PROVIDED INFORMATION below:
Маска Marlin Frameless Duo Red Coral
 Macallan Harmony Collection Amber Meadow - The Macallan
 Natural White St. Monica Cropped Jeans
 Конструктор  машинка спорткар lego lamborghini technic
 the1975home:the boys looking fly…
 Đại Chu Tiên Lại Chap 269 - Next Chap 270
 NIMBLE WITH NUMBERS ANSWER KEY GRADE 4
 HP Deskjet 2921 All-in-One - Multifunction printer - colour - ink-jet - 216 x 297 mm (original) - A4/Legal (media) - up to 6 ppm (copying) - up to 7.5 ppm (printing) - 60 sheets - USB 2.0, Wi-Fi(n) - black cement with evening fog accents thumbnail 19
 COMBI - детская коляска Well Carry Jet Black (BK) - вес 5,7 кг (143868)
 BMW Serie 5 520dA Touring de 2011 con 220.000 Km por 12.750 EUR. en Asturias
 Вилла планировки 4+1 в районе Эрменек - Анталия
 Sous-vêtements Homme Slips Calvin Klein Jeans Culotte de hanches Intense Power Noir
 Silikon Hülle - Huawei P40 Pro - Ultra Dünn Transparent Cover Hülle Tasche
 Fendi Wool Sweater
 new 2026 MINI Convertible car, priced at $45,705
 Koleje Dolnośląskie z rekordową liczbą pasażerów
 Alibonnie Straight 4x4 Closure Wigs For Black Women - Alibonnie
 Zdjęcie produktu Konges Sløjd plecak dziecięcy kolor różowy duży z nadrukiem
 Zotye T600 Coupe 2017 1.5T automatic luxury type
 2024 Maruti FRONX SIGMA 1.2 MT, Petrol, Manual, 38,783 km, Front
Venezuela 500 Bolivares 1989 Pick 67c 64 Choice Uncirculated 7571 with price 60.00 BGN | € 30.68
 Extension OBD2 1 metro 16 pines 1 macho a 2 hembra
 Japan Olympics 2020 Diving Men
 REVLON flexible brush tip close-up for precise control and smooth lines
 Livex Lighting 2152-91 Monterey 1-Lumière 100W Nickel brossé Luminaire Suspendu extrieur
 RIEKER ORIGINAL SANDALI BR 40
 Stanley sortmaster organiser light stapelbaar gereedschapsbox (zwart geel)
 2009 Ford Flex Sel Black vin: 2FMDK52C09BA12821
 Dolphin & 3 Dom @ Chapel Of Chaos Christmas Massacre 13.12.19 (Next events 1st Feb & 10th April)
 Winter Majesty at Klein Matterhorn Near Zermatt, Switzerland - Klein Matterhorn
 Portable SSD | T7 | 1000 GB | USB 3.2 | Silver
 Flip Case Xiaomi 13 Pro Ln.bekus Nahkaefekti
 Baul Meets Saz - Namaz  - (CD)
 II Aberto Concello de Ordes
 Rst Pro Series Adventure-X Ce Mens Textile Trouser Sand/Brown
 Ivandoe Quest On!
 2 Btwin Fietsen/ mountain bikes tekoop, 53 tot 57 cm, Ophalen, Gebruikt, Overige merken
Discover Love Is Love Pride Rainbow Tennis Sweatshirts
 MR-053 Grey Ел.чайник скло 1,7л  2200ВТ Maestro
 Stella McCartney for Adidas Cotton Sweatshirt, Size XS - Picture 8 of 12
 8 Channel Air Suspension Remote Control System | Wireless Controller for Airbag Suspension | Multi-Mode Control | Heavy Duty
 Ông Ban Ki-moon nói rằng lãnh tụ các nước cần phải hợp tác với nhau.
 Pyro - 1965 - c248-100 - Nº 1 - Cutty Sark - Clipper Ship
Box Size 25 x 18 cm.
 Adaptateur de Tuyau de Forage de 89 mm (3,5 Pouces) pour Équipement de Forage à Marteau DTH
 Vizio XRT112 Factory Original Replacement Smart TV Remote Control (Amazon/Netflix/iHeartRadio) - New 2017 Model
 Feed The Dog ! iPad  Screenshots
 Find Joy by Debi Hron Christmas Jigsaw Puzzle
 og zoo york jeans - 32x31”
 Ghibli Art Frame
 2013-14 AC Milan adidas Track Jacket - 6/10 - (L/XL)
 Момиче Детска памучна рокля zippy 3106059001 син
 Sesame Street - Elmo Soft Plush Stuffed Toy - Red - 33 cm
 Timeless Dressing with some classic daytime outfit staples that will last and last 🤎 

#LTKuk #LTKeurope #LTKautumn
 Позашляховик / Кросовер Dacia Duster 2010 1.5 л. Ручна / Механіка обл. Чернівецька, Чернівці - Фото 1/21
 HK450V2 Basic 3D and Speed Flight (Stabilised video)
End of PROVIDED INFORMATION.
[WORK INSTRUCTIONS]: The task requires that all the material be restated word for word.

[SOLUTION FOR THIS PROBLEM]:
Маска Marlin Frameless Duo Red Coral
 Macallan Harmony Collection Amber Meadow - The Macallan
 Natural White St. Monica Cropped Jeans
 Конструктор  машинка спорткар lego lamborghini technic
 the1975home:the boys looking fly…
 Đại Chu Tiên Lại Chap 269 - Next Chap 270
 NIMBLE WITH NUMBERS ANSWER KEY GRADE 4
 HP Deskjet 2921 All-in-One - Multifunction printer - colour - ink-jet - 216 x 297 mm (original) - A4/Legal (media) - up to 6 ppm (copying) - up to 7.5 ppm (printing) - 60 sheets - USB 2.0, Wi-Fi(n) - black cement with evening fog accents thumbnail 19
 COMBI - детская коляска Well Carry Jet Black (BK) - вес 5,7 кг (143868)
 BMW Serie 5 520dA Touring de 2011 con 220.000 Km por 12.750 EUR. en Asturias
 Вилла планировки 4+1 в районе Эрменек - Анталия
 Sous-vêtements Homme Slips Calvin Klein Jeans Culotte de hanches Intense Power Noir
 Silikon Hülle - Huawei P40 Pro - Ultra Dünn Transparent Cover Hülle Tasche
 Fendi Wool Sweater
 new 2026 MINI Convertible car, priced at $45,705
 Koleje Dolnośląskie z rekordową liczbą pasażerów
 Alibonnie Straight 4x4 Closure Wigs For Black Women - Alibonnie
 Zdjęcie produktu Konges Sløjd plecak dziecięcy kolor różowy duży z nadrukiem
 Zotye T600 Coupe 2017 1.5T automatic luxury type
 2024 Maruti FRONX SIGMA 1.2 MT, Petrol, Manual, 38,783 km, Front
Venezuela 500 Bolivares 1989 Pick 67c 64 Choice Uncirculated 7571 with price 60.00 BGN | € 30.68
 Extension OBD2 1 metro 16 pines 1 macho a 2 hembra
 Japan Olympics 2020 Diving Men
 REVLON flexible brush tip close-up for precise control and smooth lines
 Livex Lighting 2152-91 Monterey 1-Lumière 100W Nickel brossé Luminaire Suspendu extrieur
 RIEKER ORIGINAL SANDALI BR 40
 Stanley sortmaster organiser light stapelbaar gereedschapsbox (zwart geel)
 2009 Ford Flex Sel Black vin: 2FMDK52C09BA12821
 Dolphin & 3 Dom @ Chapel Of Chaos Christmas Massacre 13.12.19 (Next events 1st Feb & 10th April)
 Winter Majesty at Klein Matterhorn Near Zermatt, Switzerland - Klein Matterhorn
 Portable SSD | T7 | 1000 GB | USB 3.2 | Silver
 Flip Case Xiaomi 13 Pro Ln.bekus Nahkaefekti
 Baul Meets Saz - Namaz  - (CD)
 II Aberto Concello de Ordes
 Rst Pro Series Adventure-X Ce Mens Textile Trouser Sand/Brown
 Ivandoe Quest On!
 2 Btwin Fietsen/ mountain bikes tekoop, 53 tot 57 cm, Ophalen, Gebruikt, Overige merken
Discover Love Is Love Pride Rainbow Tennis Sweatshirts
 MR-053 Grey Ел.чайник скло 1,7л  2200ВТ Maestro
 Stella McCartney for Adidas Cotton Sweatshirt, Size XS - Picture 8 of 12
 8 Channel Air Suspension Remote Control System | Wireless Controller for Airbag Suspension | Multi-Mode Control | Heavy Duty
 Ông Ban Ki-moon nói rằng lãnh tụ các nước cần phải hợp tác với nhau.
 Pyro - 1965 - c248-100 - Nº 1 - Cutty Sark - Clipper Ship
Box Size 25 x 18 cm.
 Adaptateur de Tuyau de Forage de 89 mm (3,5 Pouces) pour Équipement de Forage à Marteau DTH
 Vizio XRT112 Factory Original Replacement Smart TV Remote Control (Amazon/Netflix/iHeartRadio) - New 2017 Model
 Feed The Dog ! iPad  Screenshots
 Find Joy by Debi Hron Christmas Jigsaw Puzzle
 og zoo york jeans - 32x31”
 Ghibli Art Frame
 2013-14 AC Milan adidas Track Jacket - 6/10 - (L/XL)
 Момиче Детска памучна рокля zippy 3106059001 син
 Sesame Street - Elmo Soft Plush Stuffed Toy - Red - 33 cm
 Timeless Dressing with some classic daytime outfit staples that will last and last 🤎 

#LTKuk #LTKeurope #LTKautumn
 Позашляховик / Кросовер Dacia Duster 2010 1.5 л. Ручна / Механіка обл. Чернівецька, Чернівці - Фото 1/21
 HK450V2 Basic 3D and Speed Flight (Stabilised video)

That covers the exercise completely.